Warum Reschkes Abgang schmerzt
Wer die Bedeutung von Michael Reschke für den FC Bayern verstehen will, muss die veränderten Ansprüche des Rekordmeisters und die veränderten Verhältnisse im europäischen Fußball verstehen. Als Reschke 2014 dank Uli Hoeneß von Bayer Leverkusen losgeeist wurde, weil der Verein spürte, dass sich der Markt radikal verändert, spielte die Scouting-Abteilung beim FC Bayern eine eher untergeordnete Rolle. Das ist nachvollziehbar, denn in den Jahrzehnten zuvor konzentrierten sich die Münchner vor allem darauf, die besten Spieler der Bundesliga, darüber hinaus den einen oder anderen Top-Spieler aus dem europäischen Ausland oder ein vermeintliches Top-Talent aus Südamerika zu verpflichten. Es brauchte keine anspruchsvolle Scouting-Abteilung, um zu erkennen, dass Michael Ballack gut ist. Oder Sebastian Deisler. Oder Miroslav Klose. Oder Mario Gomez. Oder Arjen Robben.
Schon 2012 änderte sich etwas. Die Münchner wollten Marco Reus aus Mönchengladbach holen. Der entschied sich für Borussia Dortmund. Ein Paukenschlag nach einer Saison, die die Münchner ohne Titel beendeten. Der auf nationaler Ebene unumstößliche Satz: „Wen der FC Bayern will, den bekommt er auch“, wurde erstmals in Frage gestellt. Die Bayern reagierten ungewöhnlich. Ein bis dato nur in Fachkreisen bekannter Baske wurde zum teuersten Transfer der Vereinsgeschichte. Für das Trainerteam in München war Javi Martínez allerdings kein Unbekannter. Jupp Heynckes und Peter Hermann kannten Martínez gut. Schon bei ihrer vorherigen Station in Leverkusen war Martínez Thema. Michael Reschke, der damals noch in Diensten der Rheinländer stand, wollte den Defensiv-Allrounder nach Leverkusen holen. Die 40 Millionen Euro festgeschriebene Ablösesumme verhinderten einen Wechsel. Aber Hermann und vor allem Heynckes, der Martínez‘ Club Athletic Bilbao einst selbst trainierte und den Verein weiter eng verfolgte, verloren ihn nicht mehr aus den Augen. 2012 machten sie in München ernst. Nach der Absage von Reus brauchten die Münchner ein Statement. Martínez kam und wurde zum Schlüsselspieler der Triple-Saison. Wenn man so will, war er der erste typische Reschke-Transfer, auch wenn dieser erst zwei Jahre später zum FC Bayern stieß.

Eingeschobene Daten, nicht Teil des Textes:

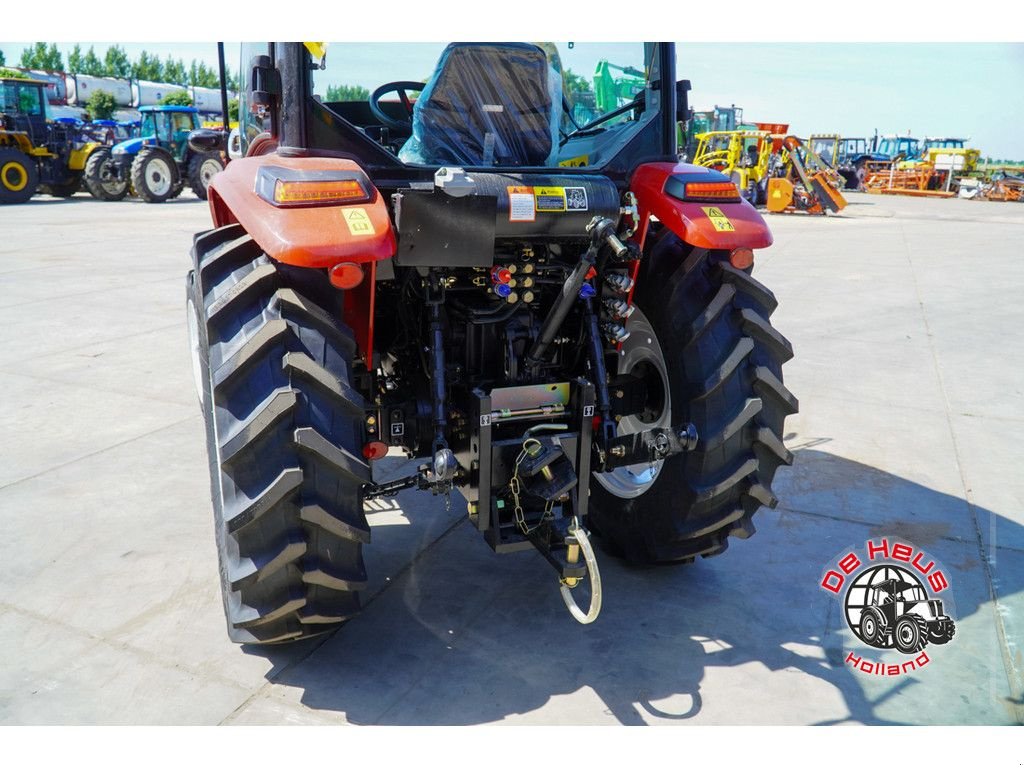 Traktor of the type Sonstige YTO NMF554C, Neumaschine in MIJNSHEERENLAND (Picture 4)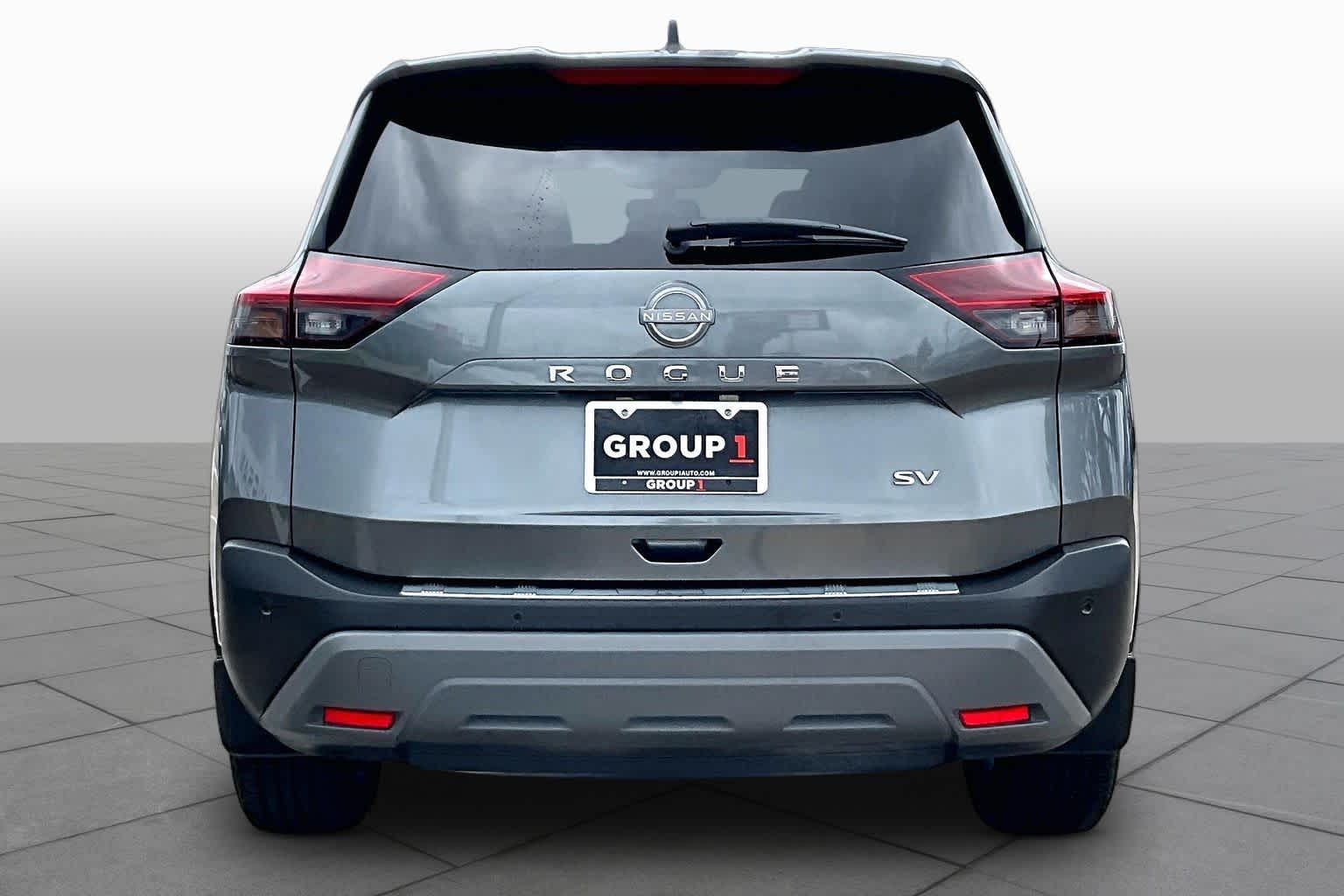 2023 Nissan Rogue SV - 4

Heute bewegt sich der FC Bayern in einem noch einmal deutlich verschärften Markt. Der Fall Reus ist heute nicht mehr ungewöhnlich. Der Triple-Gewinn hat die Ansprüche an neue Spieler deutlich erhöht. Gleichzeitig haben China, England und dazu ausländische Investoren wie in Paris die Preise völlig versaut. Der Fall Reus ist heute durchaus normal. Kevin De Bruyne oder Leroy Sané sind dafür zwei Beispiele aus der jüngeren Vergangenheit. Der FC Bayern ist schon lange kein zwingender Schritt mehr für die besten Spieler der Bundesliga, zumal auch das nicht zu unterschätzende Argument „Guardiola“ inzwischen wegfällt. Der FCB muss sein Radar inzwischen deutlich erweitern, um Spieler zu finden, die den Kader auf hohem Niveau ergänzen, bezahlbar und vor allem verfügbar sind.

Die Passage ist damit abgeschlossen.